Sont concernés les immeubles suivants : 1- le site de la Foire Togo 2000, 2- OTR Commissariat général, 3- siège de Togo Télécom à Nyékonakpoè, 4- Garage Central, 5- Ministère des Travaux publics, 6- OTR Commissariat des impôts, 7- UTB Circulaire, 8- siège de la LONATO, 9- CENI, 10-Ministère du Commerce, 11- SAZOF Agbalépédo, 12- SAZOF Zone portuaire.
Selon l’accord, « dans le cadre du Contrat de Location, le FCTC, représenté par la Société de Gestion, louera les Biens Objets de l’Actif Sukuk à l’État. Le Locataire paiera un loyer périodique égal au Montant de la Distribution Périodique dans le cadre du Sukuk. Les loyers devront être payés sans besoin d’aucun préavis ou réclamation, via un virement bancaire en CFA en fonds librement transférables, au Compte de Transaction, au plus tard à quinze (15) heures le deuxième jour ouvrable précédant chaque Date de Distribution Périodique ». Ces immeubles objets de l’Actif Sukuk devront, au 17 août 2026, date du dernier paiement (16ème tranche), générer la somme totale de 217 635 357 715 FCFA.

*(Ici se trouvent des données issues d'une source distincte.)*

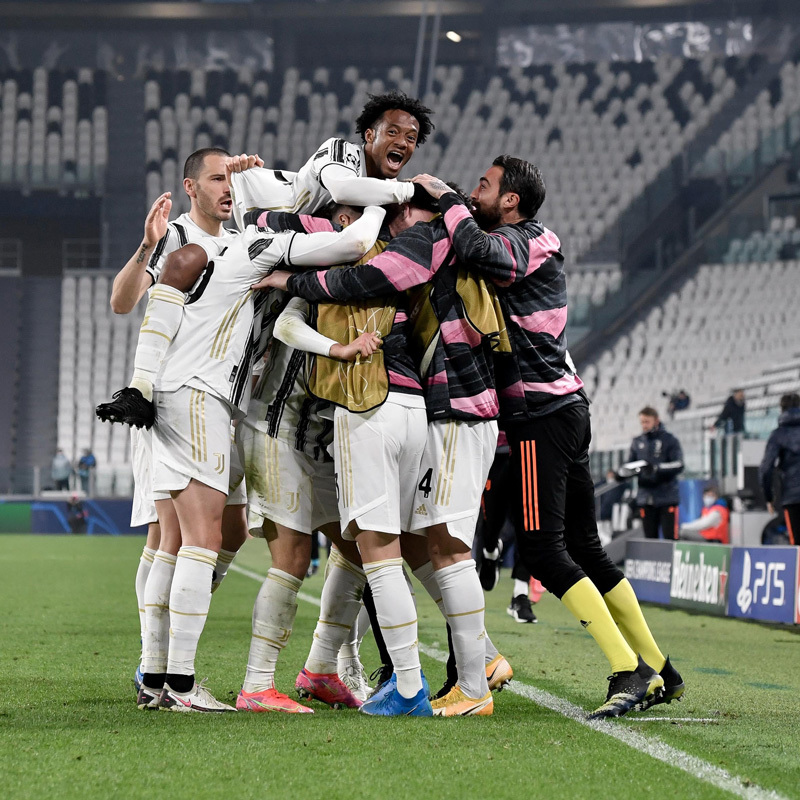 Porto hất cẳng Juventus khỏi cup C1 sau màn rượt đuổi nghẹt thở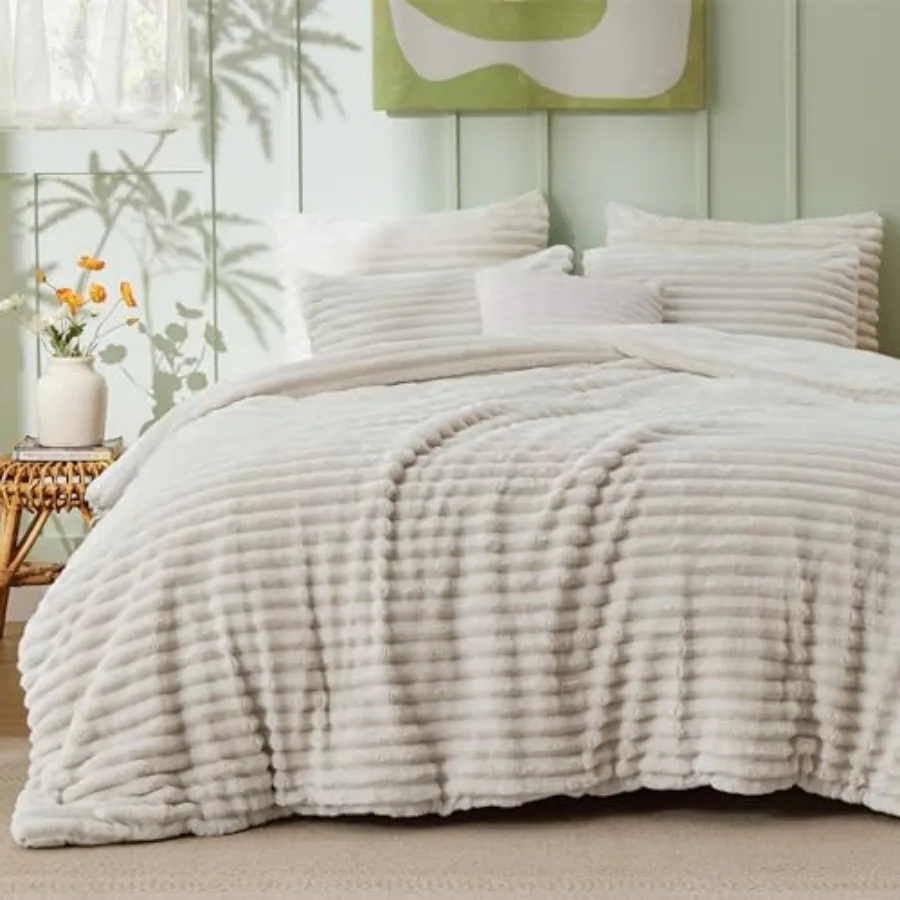 

Comforter Set Queen Size - GentleSoft™ 3 Pieces Double-Side Fleece Fluffy Linen Comforter Set Cozy Striped Room Decor Aesthetic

« Imagine par exemple que le pays n’arrive pas à apurer les dettes, la BID pourrait saisir les immeubles abritant des ministères et les revendre des opérateurs privés plus offrants. C’est un scénario extrême mais réaliste. C’est dangereux ce que le chef de l’Etat et son gouvernement font du pays. Regarde ce qui se passe avec Togocom. Tout le bénéfice que se fait Yas sur les consommateurs togolais, sort du pays. Cette fuite de capitaux est suicidaire pour notre économie », déplore le responsable d’une ONG.